Could you output the whole listing exactly as it stands, minus any images?
Source data below:
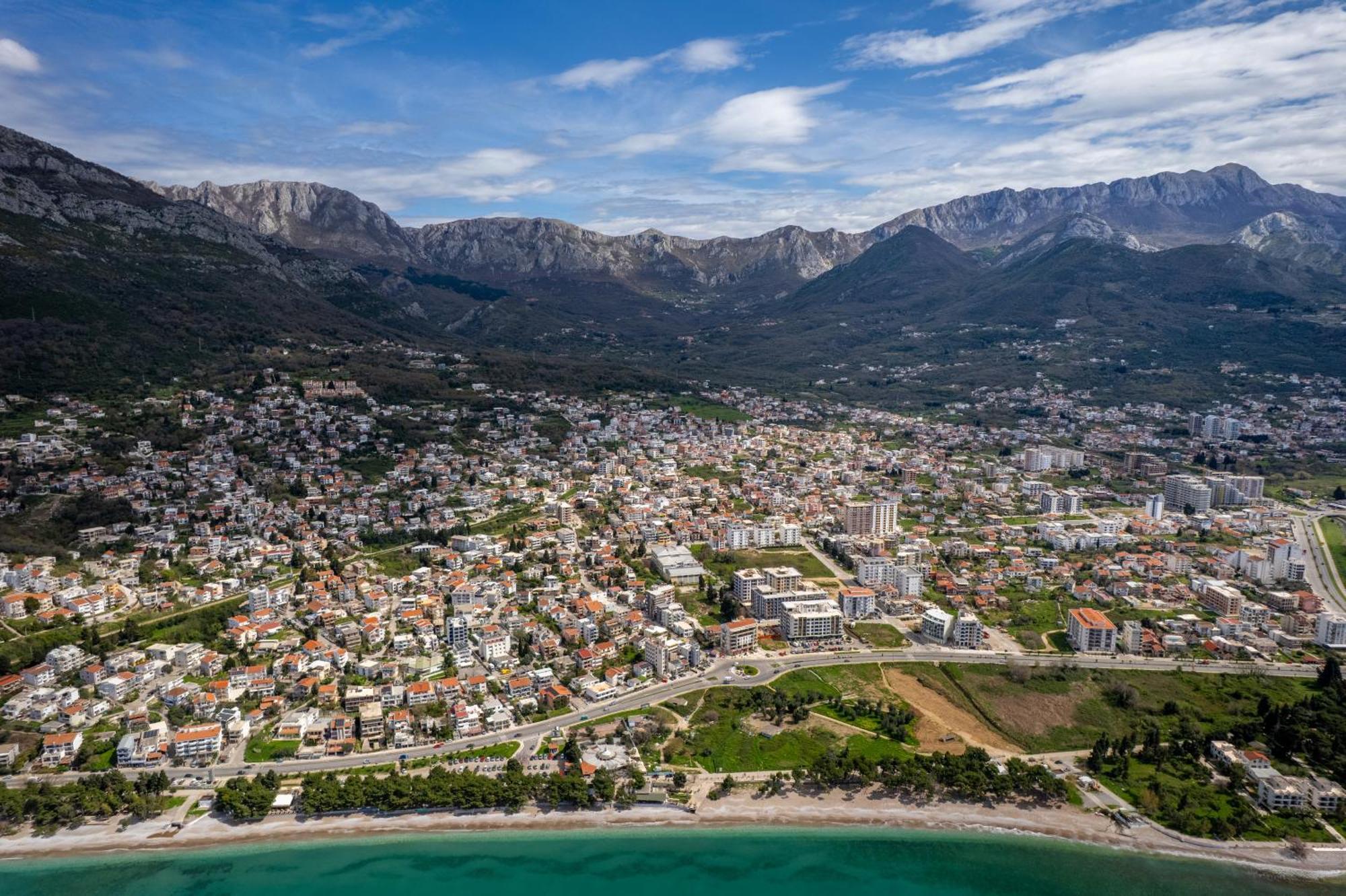 Xio Apartments Бар Екстериор снимка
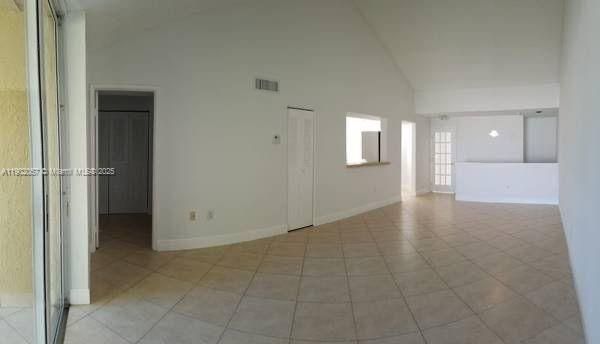 合同活跃: $2,250 (2 贝兹, 1 浴室, 907 平方英尺)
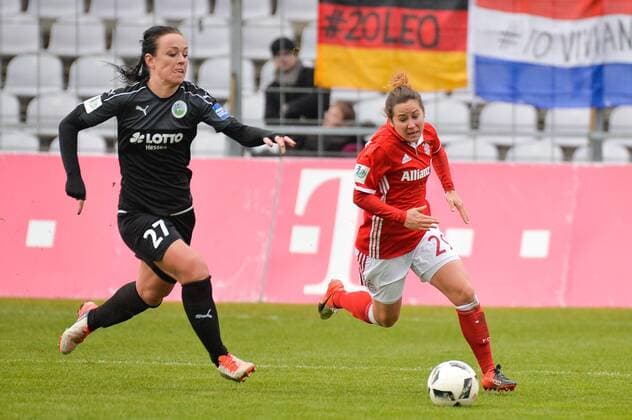 Nicole Rolser (FC Bayern Muenchen) gegen Peggy Nietgen (1. FFC Frankfurt) München, Deutschland, 13.11.2016 - Fussball, Frauenfussball, FC Bayern München - 1. FFC Frankfurt, Fussball, Frauenfussball, FC Bayern München - 1. FFC Frankfurt, xKLx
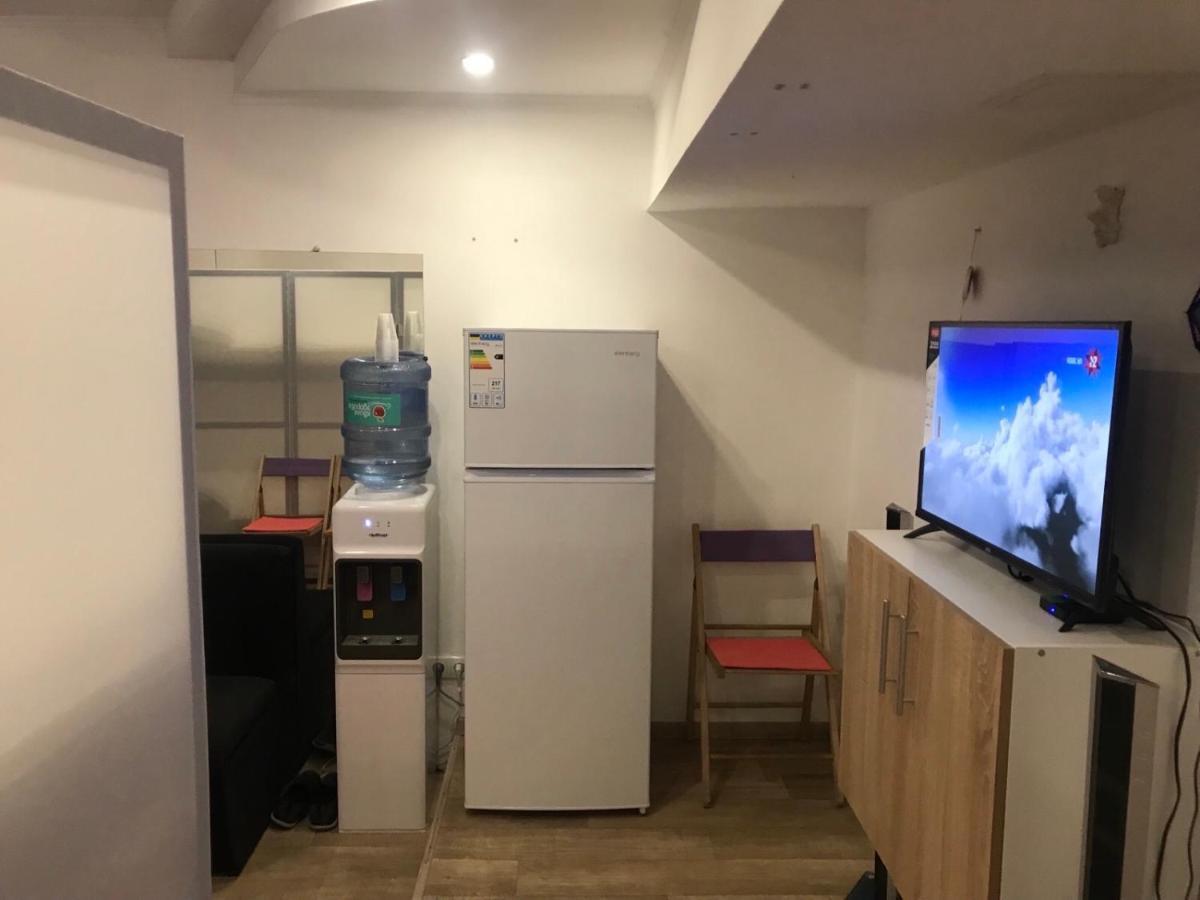 Ararat-Tarasa Shevchenka Hostel Kiev Esterno foto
End of Source data.
## Written answer
 Xio Apartments Бар Екстериор снимка
 合同活跃: $2,250 (2 贝兹, 1 浴室, 907 平方英尺)
 Nicole Rolser (FC Bayern Muenchen) gegen Peggy Nietgen (1. FFC Frankfurt) München, Deutschland, 13.11.2016 - Fussball, Frauenfussball, FC Bayern München - 1. FFC Frankfurt, Fussball, Frauenfussball, FC Bayern München - 1. FFC Frankfurt, xKLx
 Ararat-Tarasa Shevchenka Hostel Kiev Esterno foto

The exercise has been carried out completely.